To a point, as quite a few are unpopular, that is spot on.

Progressives have loved them some Arbitrary government and have instituted a virulent form of traditionalism that in the past I’ve compared to what the Rabbis did with Scripture.

Ignoring the debates over the propriety of the latter, when it come to the former this means they have functionally surrounded the Constitution with margin notes and forbade any to look at the Constitution but only to look at the cumulative opinions / traditions of the Court.

Progressives did this because at the heart of progressivism, from its earliest days, lay a contempt for the sort of Law the Constitution is ... they wanted it to authorize so much more involvement and eventually decided to just do what they pleased and forego any effort to ever amend that their mad schemes should be lawful.
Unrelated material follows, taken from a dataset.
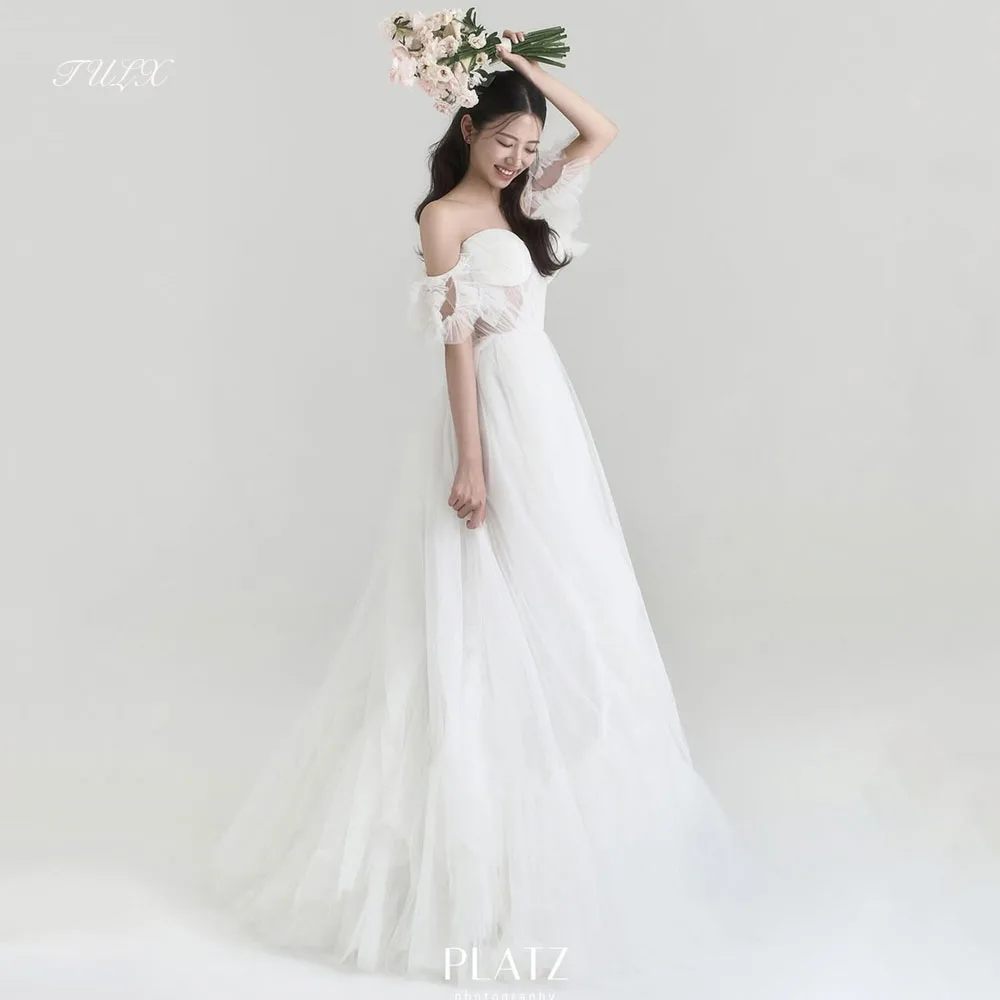 TULX Elegantes elfenbeinfarbenes Tüll-Hochzeitskleid, Korea-Fotoshooting, sexy Schatz, A-Linie, bodenlange Brautkleider, maßgeschneidert,  soi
They use the Court in a form of ball and cup game, hiding the Law under the cups.

When Marshall in Marbury justified an obligation to review statues to see if they are pursuant to the Law he did so because the Justices are made to take an oath of fidelity to the Constitution saying that to make them take such an oath but then close their eyes to the Law and only see the statute was “worse than a solemn mockery”.

Well, if that is the case then what is it to require anyone to take such an oath, or indeed anyone at all, and likewise turn a blind eye to the Constitution and only see the opinions of the Court?
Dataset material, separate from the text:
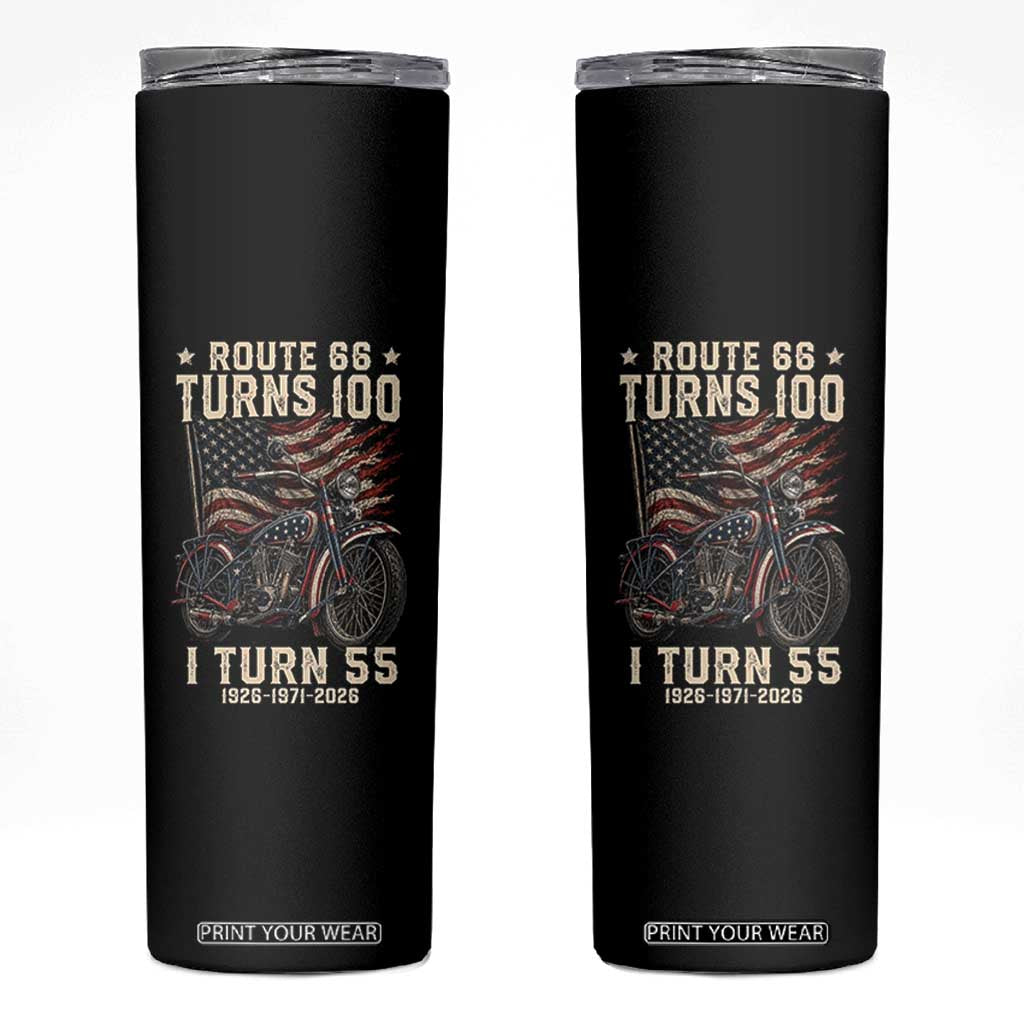 Route Highway 66 Turns 100 I Turn 55 Skinny Tumbler Vintage 1971 American Classic V-Twin Motorcycle Lover 55th Birthday Gift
How worse than a solemn mockery on the one hand but not on the other?

There is no delegated Power of review actually granted to the judiciary, we do not have federal common law in the sense that there is judge made law. Judge made law depended on the judges being representatives of the Sovereign, the King, who had sole authority in himself to make and dispose of laws and to grant that authority to officials under his Sovereignty.

When Marshall talks about Sovereignty and the Law he spoke of the original right to make Law, which is the power found in Ratification of the Law, either the Ratification of the Constitution or the Ratification of subsequent successful Amendments.

The writing of the proposed law is not the exercise of this original right. The writers of the proposed law do have a logical and rational obligation to give advice to those with the power of consent but to deliver their work over to receive consent they must first put down their pens, cease to write and release the proposed language.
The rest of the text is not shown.